> **Records for the task**:
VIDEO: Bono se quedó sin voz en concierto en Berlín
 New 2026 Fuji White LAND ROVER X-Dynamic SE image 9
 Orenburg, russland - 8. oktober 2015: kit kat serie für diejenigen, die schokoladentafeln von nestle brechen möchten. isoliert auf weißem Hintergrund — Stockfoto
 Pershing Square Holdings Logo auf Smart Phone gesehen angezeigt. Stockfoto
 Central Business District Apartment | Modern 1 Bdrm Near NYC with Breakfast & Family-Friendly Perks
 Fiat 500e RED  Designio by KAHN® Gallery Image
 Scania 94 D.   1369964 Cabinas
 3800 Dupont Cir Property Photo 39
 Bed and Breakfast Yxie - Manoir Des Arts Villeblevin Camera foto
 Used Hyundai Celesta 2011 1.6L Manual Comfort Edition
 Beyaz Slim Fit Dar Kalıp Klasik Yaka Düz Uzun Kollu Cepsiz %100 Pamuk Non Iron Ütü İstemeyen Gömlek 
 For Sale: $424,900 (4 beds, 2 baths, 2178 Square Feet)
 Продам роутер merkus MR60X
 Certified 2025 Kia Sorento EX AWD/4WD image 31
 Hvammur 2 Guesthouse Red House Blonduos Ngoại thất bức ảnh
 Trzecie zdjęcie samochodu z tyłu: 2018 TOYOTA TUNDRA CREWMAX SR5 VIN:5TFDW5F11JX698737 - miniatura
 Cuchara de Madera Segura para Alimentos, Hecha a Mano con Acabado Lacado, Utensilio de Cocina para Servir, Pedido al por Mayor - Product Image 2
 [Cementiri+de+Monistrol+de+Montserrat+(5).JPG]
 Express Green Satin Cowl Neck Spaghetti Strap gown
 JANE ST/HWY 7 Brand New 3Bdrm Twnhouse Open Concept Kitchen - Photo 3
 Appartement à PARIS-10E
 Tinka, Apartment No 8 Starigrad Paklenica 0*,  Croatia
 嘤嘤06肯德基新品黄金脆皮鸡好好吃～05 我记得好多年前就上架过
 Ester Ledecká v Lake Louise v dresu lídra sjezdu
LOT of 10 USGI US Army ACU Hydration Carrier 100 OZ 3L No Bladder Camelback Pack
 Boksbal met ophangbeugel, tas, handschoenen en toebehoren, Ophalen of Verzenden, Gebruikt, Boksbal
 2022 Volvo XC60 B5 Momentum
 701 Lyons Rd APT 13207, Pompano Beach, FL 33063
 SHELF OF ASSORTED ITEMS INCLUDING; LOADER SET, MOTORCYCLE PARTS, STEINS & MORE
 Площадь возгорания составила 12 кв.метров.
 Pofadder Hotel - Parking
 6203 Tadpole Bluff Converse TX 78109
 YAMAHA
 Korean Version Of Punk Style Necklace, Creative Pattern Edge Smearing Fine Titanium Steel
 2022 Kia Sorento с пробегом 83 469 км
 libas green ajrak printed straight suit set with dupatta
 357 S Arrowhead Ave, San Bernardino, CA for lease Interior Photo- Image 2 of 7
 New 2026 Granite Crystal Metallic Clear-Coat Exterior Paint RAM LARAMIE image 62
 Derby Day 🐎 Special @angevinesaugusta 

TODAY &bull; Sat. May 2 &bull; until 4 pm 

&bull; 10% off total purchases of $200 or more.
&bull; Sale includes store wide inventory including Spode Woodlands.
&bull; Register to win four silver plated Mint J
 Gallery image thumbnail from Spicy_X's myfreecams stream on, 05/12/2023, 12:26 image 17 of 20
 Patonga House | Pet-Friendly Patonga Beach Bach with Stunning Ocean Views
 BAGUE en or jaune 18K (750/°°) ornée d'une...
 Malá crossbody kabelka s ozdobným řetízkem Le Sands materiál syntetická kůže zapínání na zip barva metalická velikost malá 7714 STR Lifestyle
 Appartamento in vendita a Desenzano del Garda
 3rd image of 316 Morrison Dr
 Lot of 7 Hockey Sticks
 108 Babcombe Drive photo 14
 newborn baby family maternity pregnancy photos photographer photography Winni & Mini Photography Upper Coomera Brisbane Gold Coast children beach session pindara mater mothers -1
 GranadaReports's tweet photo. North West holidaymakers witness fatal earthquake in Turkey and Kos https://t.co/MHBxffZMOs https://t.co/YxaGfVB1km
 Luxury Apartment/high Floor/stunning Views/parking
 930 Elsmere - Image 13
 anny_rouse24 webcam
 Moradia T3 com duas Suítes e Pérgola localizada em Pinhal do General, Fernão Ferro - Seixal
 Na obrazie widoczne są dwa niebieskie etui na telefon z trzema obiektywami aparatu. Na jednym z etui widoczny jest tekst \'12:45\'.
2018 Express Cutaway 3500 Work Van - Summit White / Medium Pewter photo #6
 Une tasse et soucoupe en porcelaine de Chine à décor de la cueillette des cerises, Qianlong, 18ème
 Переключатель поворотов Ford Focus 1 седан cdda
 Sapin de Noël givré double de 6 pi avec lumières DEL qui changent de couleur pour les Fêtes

> **Task prompt**: Beginning with the line that holds "Une tasse et", please return every line through the end of the data, exactly as written.

> **Response to the exercise**:
 Une tasse et soucoupe en porcelaine de Chine à décor de la cueillette des cerises, Qianlong, 18ème
 Переключатель поворотов Ford Focus 1 седан cdda
 Sapin de Noël givré double de 6 pi avec lumières DEL qui changent de couleur pour les Fêtes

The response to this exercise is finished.